### IBM Sample Problem Using Speed

**Question 1**

A policeman starts chasing a thief 30 minutes after the thief had run from a spot. With an average speed of 20km per hour, he takes 2 hours to catch the thief. What is the average speed of the thief?

a)16km/hr b)25km/hr c)24km/hr d)18km/hr

**Answer :**a)16km/hr

Solution:

As given, the average speed of the policeman = 20km/hr.

He takes 2 hours to catch the thief, so from formula, "distance = speed x time" we have

The total distance covered by the police to catch the thief = 20 x 2 = 40 km (This value is also equal to the distance run by thief before being caught by Police.)

Policeman had started late by 30 minutes and took 2 hours to catch the running thief.

Above means that the thief takes (30minutes + 2 hours =) 5/2 hours to reach 40km.

So the speed of the thief = 40/(5/2) = 40 x 2 / 5 = 16 km/hr.

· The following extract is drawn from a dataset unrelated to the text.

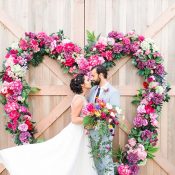 Hochzeitswahn - Ein Paar teilt einen Kuss, umrahmt von einem herzförmigen Blumenarrangement auf einer Holzkulisse, der Romantik bei ihrer Hochzeitsfeier verkörpert.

Hence the answer is 16km/hr.

**Question 2**

From a particular spot, Tom started to chase Jerry which had left the spot before 30 minutes. Tom ran across a highway and three streets. After travelling 1 hour Tom met Jerry at a distance if 120 meters. Find the ratio of the speed of Tom to that of Jerry.

a)X=2,Y=1 b)X=3,Y=2 c)X=5,Y=2 d)X=4,Y=3

**Answer :**b)X=3,Y=2

Solution :

**Part :1**To find the speed of Tom

As given in the question, the total time taken by Tom = 1 hour and

The total distance = 120 meters = 0.12 km

Now, the speed of Tom = distance / time = 0.12 / 1 = 0.12km/hr

**Part :2**To find the speed of Jerry

The total time taken by Jerry = 30 minutes + 1 hour = 3/2 hour

Distance = 0.12km

Then, the speed of Jerry = 0.12/(3/2) = 0.08km/hr.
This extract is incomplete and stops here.